Bangladesh tragedy toll hits 352, rescuers find 29 more alive
More than 84 hours after the horrendous tragedy, Bangladeshi rescuers Saturday pulled 29 more people alive from beneath the rubble of the collapsed building that has left 352 people dead so far.
The rescuers, who more than three days after the catastrophe managed to reach the ground floor of the eight-storied building which crumbled like a pack of cards Wednesday morning, believed that many more are still alive in the wreckage on the third floor, reported Xinhua.
In one of the worst tragedies in Bangladesh's history, officials say rescuers have so far pulled alive more than 2,500 people including several lucky survivors on Saturday night, keeping alive the hope that more lives can be saved as the rescue operation continues.
"352 bodies have so far been pulled out of the collapsed building," Badrul Alam Khan, a police official at a control room set up to provide information about the disaster fatalities, told Xinhua Saturday night.
Of the bodies, 341 have been handed over to their relatives, he said.
Rescuers in collaboration with thousands of volunteers and locals under the supervision of Bangladesh Army's 9th Infantry Division have been working without any break since Wednesday morning when the building collapsed.

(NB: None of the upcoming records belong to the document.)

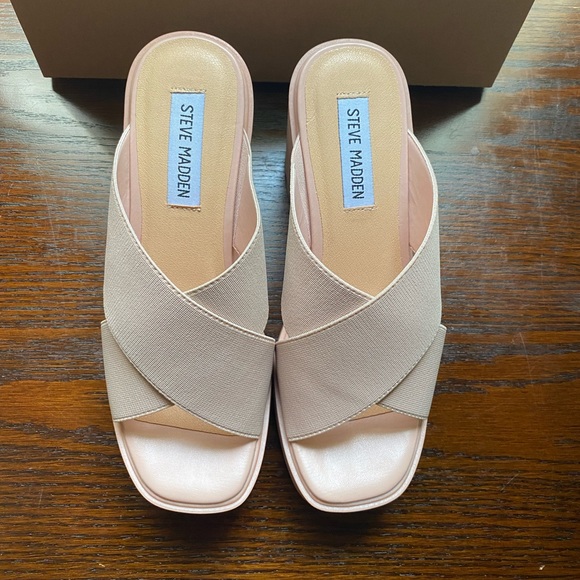 Never Worn Steve Madden SMASH Sandals- size 7 - Picture 2 of 8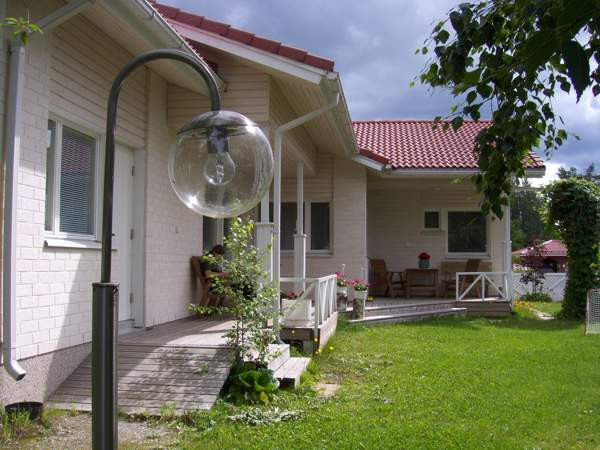 5h + k + s + psh + 2 wc + khh + vh + lämmin at + l  Pieksämäki – foto 2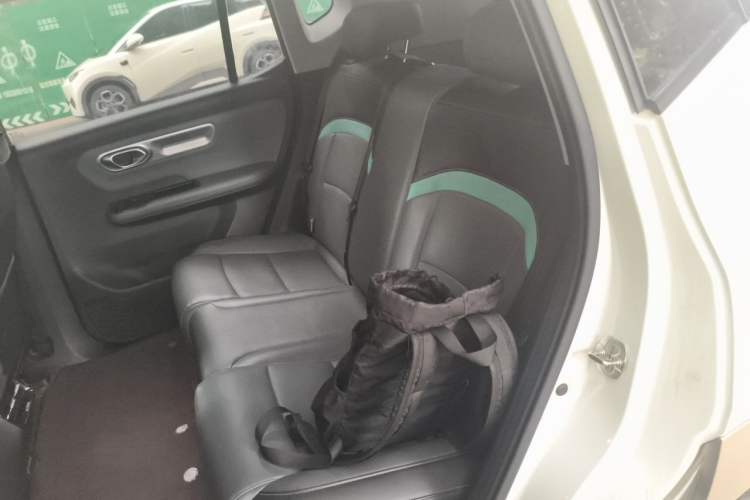 Used AION Y 2023 Plus 510 Smart Edition Left Rear Seat
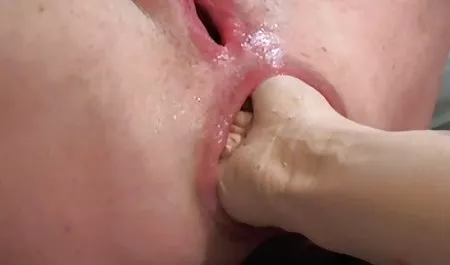 chica مجله های سکسی ترجمه شده con tatoo se masturba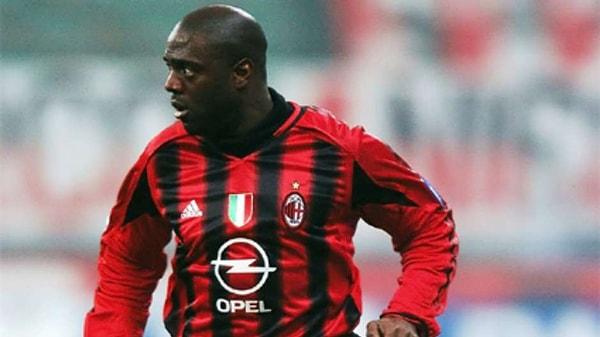 5. Ancak çok az kişinin dikkatini çeken bir ayrıntı vardı. O dönem yedeklerinden bile iddialı bir takım çıkarabilecek AC Milan'ın Şampiyonlar Ligi kafilesine son anda dahil olmuş, adı sanı bilinmeyen bir futbolcu: Harvey Esajas.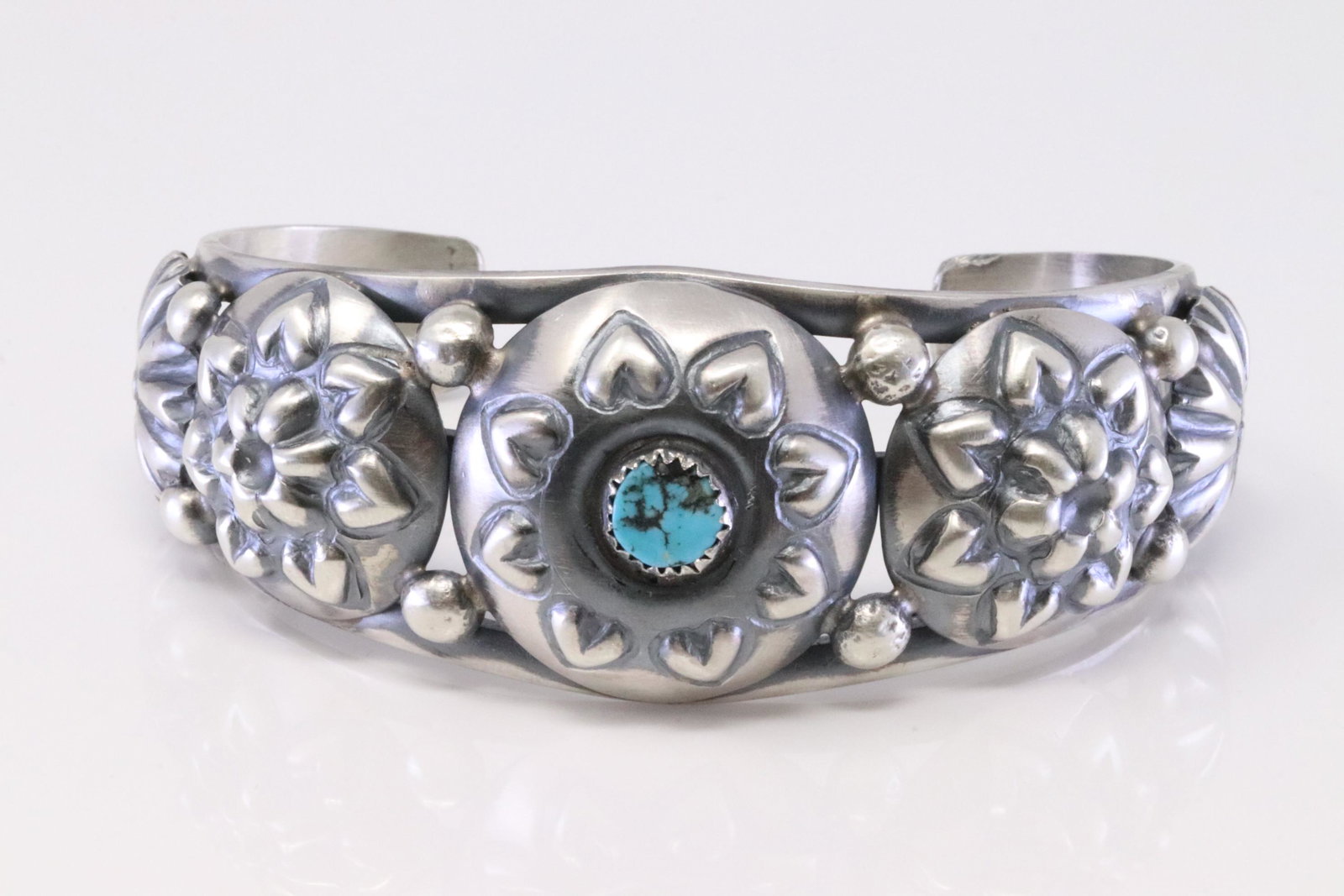 Native America Navajo Handmade Sterling Silver Turquoise Bracelet By Tim Yazzie.: This is a Native America Navajo Handmade Sterling Silver Turquoise Bracelet By Tim Yazzie.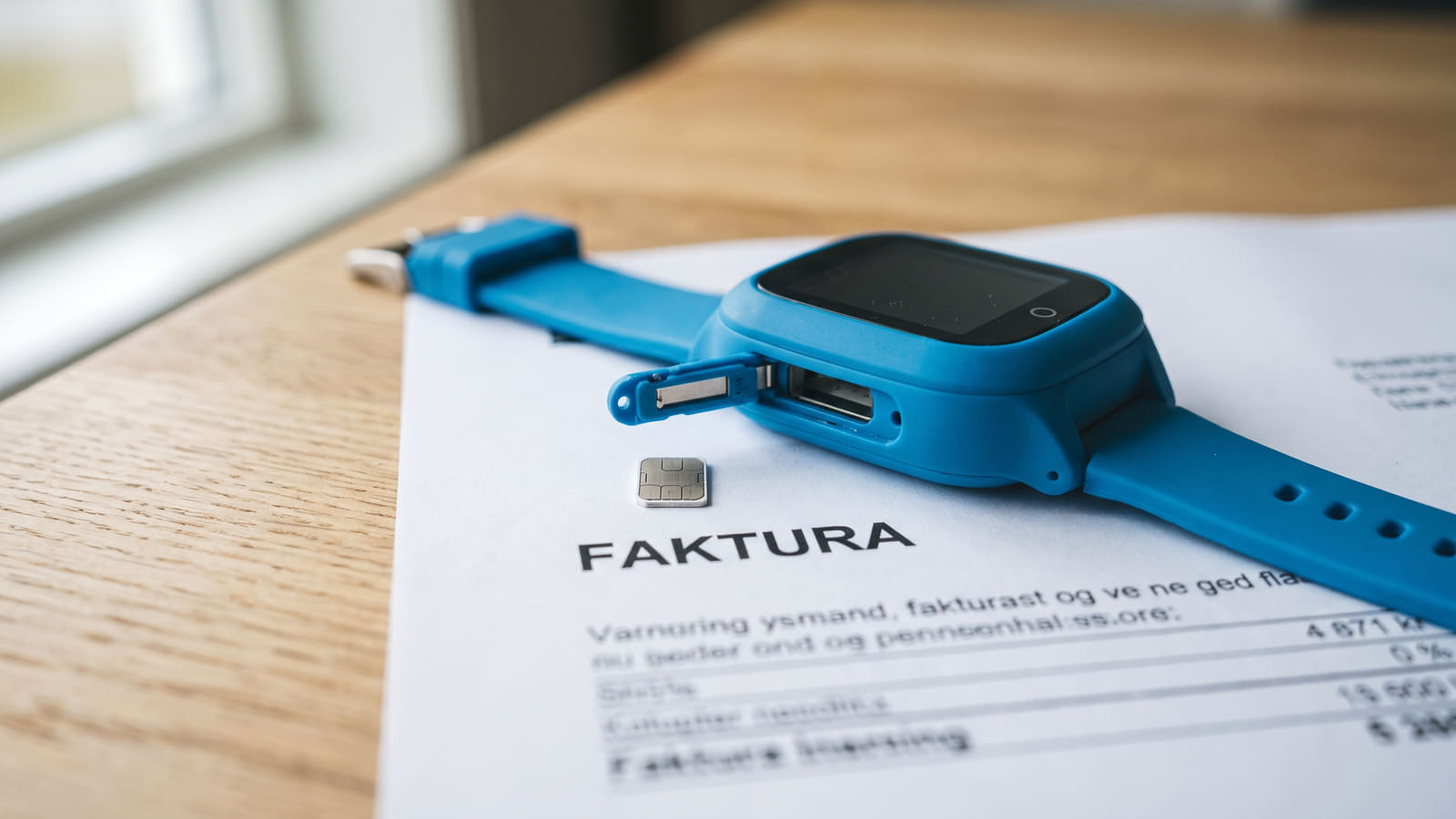 Mange foreldre betaler for mye for barnets GPS-klokke. Lær hvordan du unngår dyre gebyrer og finner det billigste mobilabonnementet til barneklokken her.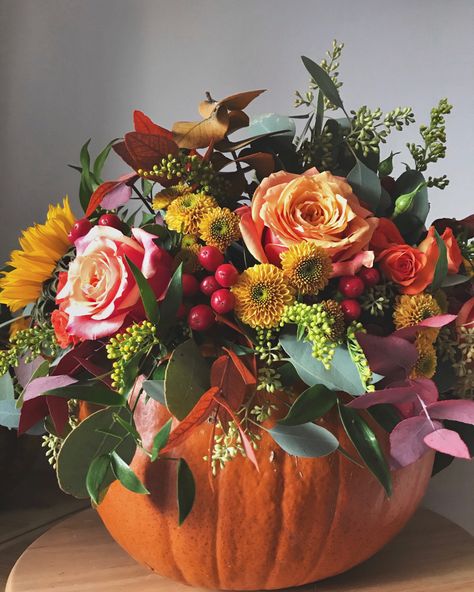 Fall Pumpkin With Flowers, Fall Floral Display Ideas, Fall Flower Display, Real Pumpkin Flower Arrangements Diy, Beautiful Fall Flower Arrangements, Floral Arrangement In Pumpkin, Fall Pumpkin Arrangements, Harvest Floral Arrangements, Fall Bouquet Ideas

According to them, many pillars and ceilings have collapsed in such a way that any wrong move could cause a fresh tragedy. So they are making no hurry because they believed that many more can still be pulled out of the collapsed building alive.
"We'll go slow and steady because we want this to remain a rescue and not a recovery," a volunteer said.
Major General Chowdhury Hasan Suhrawardi of the 9th Infantry Division told reporters Saturday evening that rescue operations would not be wrapped up shortly as the rescuers involved in the operation have not left yet the hope of finding more survivors in the debris of the building, Rana Plaza, in Savar area of Dhaka's outskirts.
Following the cracks which were detected just one day before the accident, the workers were evacuated and the garments authorities declared a leave for Tuesday.
But nobody bothered about the cracks when officials of the factories forced the workers to join workplaces in the building on the next morning.
Even three days after the tragedy, it is not known exactly how many workers were inside when the building collapsed.
Rescuers reportedly came come up with a list of 761 people who are still unaccounted for.
According to the sources, almost all the death victims are workers of the five factories -- Phantom Apparels, Phantom Tac, Ether Tex, New Wave Style and New Wave Bottoms -- which make clothing for many major global brands.
The building is owned by a leader of Prime Minister Sheikh Hasina's ruling Bangladesh Awami League party who reportedly constructed it without permission from relevant authorities, and assured the owners of the factories that there was no problem despite cracks detected.
Six floors of the building housed the five garment factories which, according to BGMEA, employed nearly 3,500 workers, mostly of them women.
Furthermore, there were also a bank's branch and hundreds of shops inside the building.